Michel Majerus, 35, Berlin-based painter, died Nov. 6 in a plane crash in Luxembourg, where he was born. He was known for his brightly colored large-scale painting installations that borrow from art history and such popular sources as advertising and graphic design. He also received attention at Cologne's Kunstverein in 2000 for a work that functioned as a half-pipe for skateboarders. He showed in numerous international exhibitions, including the Taipei Biennial (2000) and Manifesta in Luxembourg (1998). His first solo U.S. exhibition was held in September-October 2002 at Friedrich Petzel Gallery in New York [see A.i.A., Dec. '02].

Nancy S. Nichols, 57, cultural headhunter, died Oct. 2 of Lou Gehrig's disease in Rhinebeck, N.Y. She received her Ph.D. in Islamic art from Harvard and spent a year in Turkey as a Fulbright fellow in 1979-80. In 1996, she joined Heidrick & Struggles, an executive search firm, where she was a managing partner. As chief of its education and nonprofit section, she helped numerous museums, universities and foundations fill top posts. Among her clients were the Metropolitan, the Whitney and the Museum of Modern Art in New York, the Smithsonian Institution, L.A. MOCA, the Israel Museum in Jerusalem, and the Doris Duke Charitable Foundation.

Quita Brodhead, 101, abstract painter, died Sept. 4 in Bryn Mawr, Penn. Her early work consisted mostly of impressionistic nudes and still lifes painted with a bold palette.
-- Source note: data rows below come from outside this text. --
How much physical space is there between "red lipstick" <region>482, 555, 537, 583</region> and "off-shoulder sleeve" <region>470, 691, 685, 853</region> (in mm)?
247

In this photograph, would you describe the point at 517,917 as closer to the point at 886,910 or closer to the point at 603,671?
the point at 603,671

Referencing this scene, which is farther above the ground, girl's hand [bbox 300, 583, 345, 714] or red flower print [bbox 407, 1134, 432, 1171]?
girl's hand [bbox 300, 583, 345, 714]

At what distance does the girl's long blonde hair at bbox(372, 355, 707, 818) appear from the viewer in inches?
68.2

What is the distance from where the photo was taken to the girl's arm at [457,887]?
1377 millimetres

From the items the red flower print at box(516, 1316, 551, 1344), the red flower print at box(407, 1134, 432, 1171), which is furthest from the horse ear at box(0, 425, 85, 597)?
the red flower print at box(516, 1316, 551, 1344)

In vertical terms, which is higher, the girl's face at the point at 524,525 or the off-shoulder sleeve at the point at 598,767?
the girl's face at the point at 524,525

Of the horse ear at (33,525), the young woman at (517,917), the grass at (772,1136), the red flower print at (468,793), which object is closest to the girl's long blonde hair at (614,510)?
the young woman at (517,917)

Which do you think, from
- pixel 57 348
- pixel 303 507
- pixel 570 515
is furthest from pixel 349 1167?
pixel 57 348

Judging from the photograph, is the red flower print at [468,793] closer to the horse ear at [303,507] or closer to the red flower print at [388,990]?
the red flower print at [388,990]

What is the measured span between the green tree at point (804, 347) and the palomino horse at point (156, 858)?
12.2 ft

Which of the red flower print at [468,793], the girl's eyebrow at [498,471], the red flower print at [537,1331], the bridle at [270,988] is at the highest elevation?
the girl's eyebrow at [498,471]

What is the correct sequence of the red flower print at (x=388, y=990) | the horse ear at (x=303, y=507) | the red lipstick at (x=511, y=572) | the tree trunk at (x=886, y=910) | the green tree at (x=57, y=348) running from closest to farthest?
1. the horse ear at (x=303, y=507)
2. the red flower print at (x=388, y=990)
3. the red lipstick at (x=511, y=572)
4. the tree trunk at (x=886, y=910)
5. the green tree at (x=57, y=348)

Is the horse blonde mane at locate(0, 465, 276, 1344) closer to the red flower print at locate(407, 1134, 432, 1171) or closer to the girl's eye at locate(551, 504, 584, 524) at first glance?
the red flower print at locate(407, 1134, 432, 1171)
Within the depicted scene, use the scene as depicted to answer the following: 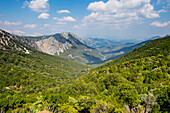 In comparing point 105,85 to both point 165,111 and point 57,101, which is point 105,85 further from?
point 165,111

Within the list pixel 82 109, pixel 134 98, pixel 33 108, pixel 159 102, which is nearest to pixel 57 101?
pixel 33 108

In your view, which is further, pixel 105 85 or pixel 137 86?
pixel 105 85

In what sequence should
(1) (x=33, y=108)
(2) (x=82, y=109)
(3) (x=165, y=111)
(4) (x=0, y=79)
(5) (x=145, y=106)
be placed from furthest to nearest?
1. (4) (x=0, y=79)
2. (1) (x=33, y=108)
3. (2) (x=82, y=109)
4. (5) (x=145, y=106)
5. (3) (x=165, y=111)

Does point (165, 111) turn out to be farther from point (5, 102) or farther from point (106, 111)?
point (5, 102)

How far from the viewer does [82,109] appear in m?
47.1

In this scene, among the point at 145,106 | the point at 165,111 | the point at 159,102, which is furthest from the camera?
the point at 145,106

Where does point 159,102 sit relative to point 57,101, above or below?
above

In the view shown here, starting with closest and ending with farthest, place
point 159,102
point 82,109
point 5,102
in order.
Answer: point 159,102 → point 82,109 → point 5,102

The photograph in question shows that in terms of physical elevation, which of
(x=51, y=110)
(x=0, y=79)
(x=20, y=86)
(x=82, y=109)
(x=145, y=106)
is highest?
(x=145, y=106)

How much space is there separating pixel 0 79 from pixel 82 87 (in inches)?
4940

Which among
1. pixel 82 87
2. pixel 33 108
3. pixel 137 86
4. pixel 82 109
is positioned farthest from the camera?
pixel 82 87

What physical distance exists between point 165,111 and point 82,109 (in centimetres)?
3129

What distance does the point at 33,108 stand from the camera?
168 ft

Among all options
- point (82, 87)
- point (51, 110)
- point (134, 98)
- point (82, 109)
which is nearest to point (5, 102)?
point (51, 110) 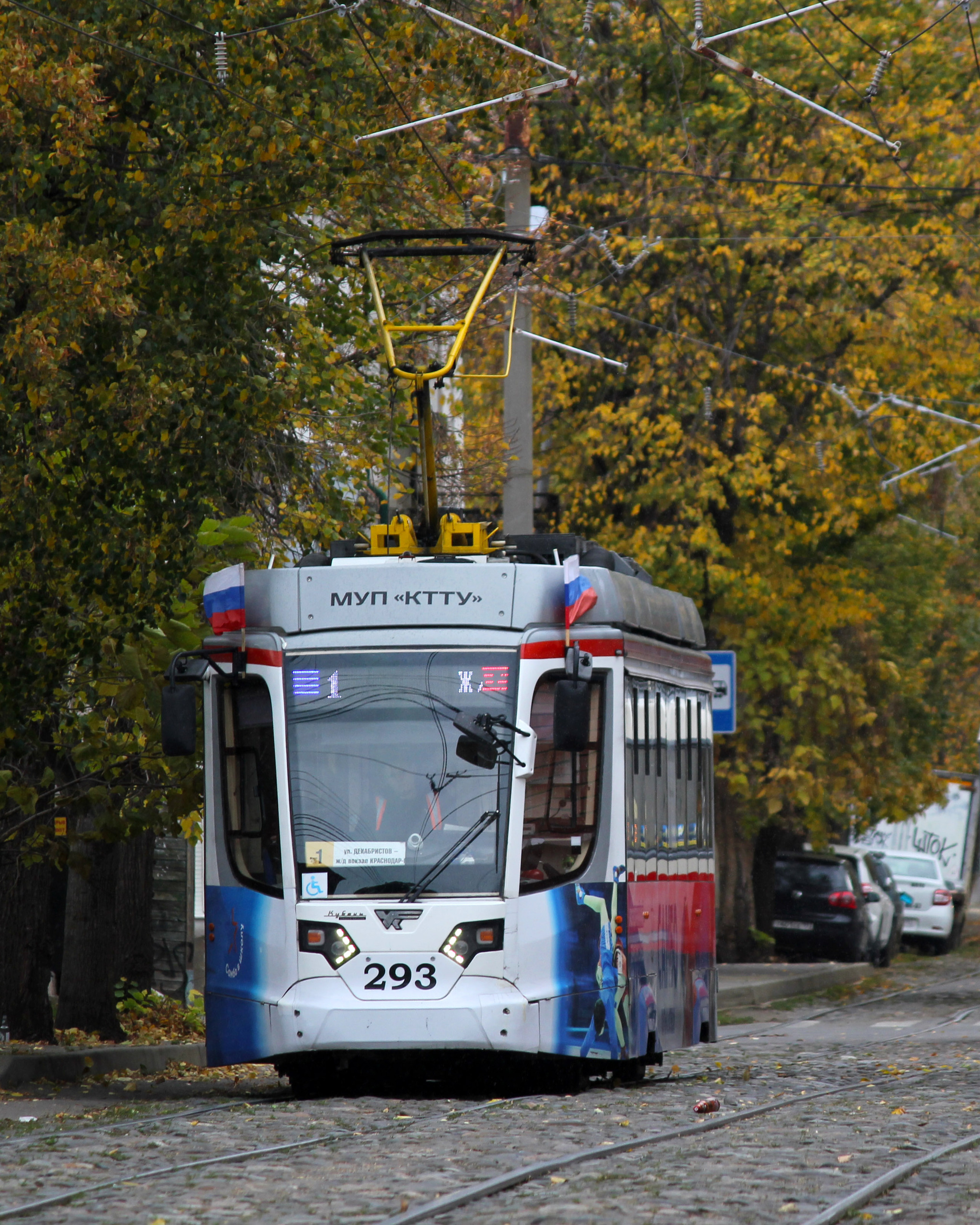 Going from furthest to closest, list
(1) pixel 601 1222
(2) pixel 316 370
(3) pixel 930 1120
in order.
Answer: (2) pixel 316 370 → (3) pixel 930 1120 → (1) pixel 601 1222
In the 1950s, her brightly colored canvases became increasingly abstract. Exhibitions commemorating her 100th birthday were mounted in 2001 at the Pennsylvania Academy in Philadelphia and at Hollis Taggart Galleries in New York.
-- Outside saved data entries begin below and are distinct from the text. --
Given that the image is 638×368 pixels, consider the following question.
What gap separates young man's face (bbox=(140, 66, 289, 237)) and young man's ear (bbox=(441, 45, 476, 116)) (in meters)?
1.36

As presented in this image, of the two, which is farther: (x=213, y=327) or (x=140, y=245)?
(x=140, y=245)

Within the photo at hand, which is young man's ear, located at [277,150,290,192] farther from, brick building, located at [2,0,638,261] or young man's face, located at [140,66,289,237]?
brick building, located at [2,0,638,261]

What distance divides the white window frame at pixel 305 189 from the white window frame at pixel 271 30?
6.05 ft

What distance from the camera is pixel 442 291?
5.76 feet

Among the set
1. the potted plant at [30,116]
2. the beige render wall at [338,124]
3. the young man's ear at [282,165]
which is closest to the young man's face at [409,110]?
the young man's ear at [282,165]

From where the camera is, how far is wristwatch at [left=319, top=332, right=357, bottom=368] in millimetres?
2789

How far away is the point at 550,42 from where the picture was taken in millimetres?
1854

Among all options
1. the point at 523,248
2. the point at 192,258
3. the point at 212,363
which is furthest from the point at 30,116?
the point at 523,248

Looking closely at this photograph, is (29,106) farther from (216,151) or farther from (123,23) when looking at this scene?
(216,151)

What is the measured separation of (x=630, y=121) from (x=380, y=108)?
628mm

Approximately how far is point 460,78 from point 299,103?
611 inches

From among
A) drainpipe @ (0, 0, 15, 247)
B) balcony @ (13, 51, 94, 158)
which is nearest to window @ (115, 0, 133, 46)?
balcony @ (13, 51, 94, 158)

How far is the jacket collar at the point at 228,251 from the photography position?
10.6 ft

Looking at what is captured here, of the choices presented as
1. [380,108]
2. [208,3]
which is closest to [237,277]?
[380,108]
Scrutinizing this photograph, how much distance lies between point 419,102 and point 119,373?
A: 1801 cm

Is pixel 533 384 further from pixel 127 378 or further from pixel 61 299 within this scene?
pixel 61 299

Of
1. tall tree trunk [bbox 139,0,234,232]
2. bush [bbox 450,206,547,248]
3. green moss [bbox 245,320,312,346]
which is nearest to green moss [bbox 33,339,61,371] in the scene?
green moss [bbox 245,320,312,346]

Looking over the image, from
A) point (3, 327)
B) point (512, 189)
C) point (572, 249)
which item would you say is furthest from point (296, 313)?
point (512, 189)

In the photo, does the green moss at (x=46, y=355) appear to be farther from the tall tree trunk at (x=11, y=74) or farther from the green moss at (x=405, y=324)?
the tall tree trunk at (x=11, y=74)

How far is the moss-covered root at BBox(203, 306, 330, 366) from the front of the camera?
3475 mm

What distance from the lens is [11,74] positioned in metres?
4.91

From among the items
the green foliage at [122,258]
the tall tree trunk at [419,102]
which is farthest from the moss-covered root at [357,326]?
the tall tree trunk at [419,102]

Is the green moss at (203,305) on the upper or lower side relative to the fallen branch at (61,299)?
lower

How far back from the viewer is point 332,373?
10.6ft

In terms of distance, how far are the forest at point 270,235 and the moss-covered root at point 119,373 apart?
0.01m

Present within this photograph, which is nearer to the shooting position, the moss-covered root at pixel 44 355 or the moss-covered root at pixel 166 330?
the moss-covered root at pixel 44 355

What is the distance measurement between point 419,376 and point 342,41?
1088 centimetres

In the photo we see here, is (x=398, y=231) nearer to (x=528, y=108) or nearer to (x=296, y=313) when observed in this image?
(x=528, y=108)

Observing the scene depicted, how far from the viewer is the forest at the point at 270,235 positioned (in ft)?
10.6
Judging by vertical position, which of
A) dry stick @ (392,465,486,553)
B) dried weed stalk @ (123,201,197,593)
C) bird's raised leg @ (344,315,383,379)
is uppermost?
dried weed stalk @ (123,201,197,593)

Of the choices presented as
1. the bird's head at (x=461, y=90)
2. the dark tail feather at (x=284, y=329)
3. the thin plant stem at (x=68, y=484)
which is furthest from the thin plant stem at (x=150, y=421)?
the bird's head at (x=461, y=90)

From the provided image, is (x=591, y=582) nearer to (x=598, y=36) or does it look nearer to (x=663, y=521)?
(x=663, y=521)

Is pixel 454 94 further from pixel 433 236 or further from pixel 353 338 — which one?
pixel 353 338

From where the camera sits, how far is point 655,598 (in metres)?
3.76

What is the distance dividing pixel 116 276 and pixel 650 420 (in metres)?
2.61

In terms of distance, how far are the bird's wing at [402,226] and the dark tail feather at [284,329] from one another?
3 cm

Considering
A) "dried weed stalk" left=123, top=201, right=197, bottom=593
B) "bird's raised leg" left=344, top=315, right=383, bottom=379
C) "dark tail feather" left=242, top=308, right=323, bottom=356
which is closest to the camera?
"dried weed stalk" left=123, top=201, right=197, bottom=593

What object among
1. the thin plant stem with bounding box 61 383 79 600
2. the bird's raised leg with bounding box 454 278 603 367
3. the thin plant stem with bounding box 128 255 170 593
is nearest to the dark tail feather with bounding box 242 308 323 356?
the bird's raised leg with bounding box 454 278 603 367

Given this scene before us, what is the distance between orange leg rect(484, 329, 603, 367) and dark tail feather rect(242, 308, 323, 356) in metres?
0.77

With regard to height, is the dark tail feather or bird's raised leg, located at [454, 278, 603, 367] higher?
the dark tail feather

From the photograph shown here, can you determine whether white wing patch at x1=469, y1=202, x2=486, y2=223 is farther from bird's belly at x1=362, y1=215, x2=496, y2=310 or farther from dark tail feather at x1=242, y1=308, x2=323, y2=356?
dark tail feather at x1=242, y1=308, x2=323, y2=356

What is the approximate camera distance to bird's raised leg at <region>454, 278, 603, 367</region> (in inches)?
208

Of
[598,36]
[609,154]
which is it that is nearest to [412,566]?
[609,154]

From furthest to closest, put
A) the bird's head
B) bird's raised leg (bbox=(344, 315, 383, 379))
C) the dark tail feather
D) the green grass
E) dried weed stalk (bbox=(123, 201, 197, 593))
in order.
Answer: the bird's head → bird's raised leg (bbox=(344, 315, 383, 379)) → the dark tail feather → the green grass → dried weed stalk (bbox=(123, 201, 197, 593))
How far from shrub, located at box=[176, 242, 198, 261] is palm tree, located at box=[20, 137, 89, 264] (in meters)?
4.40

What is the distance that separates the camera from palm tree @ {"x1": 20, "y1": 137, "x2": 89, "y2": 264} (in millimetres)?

Robert Winthrop White, 81, sculptor, died Sept. 21 in Smithtown, N.Y. A grandson of architect Stanford White, he was known for creating the statue of General John J. Pershing at Pershing Park in Washington, D.C. His works were shown in New York at James Graham & Sons Gallery and Davis Galleries (now Davis and Langdale). He also taught art at SUNY-Stony Brook from 1967 to '87.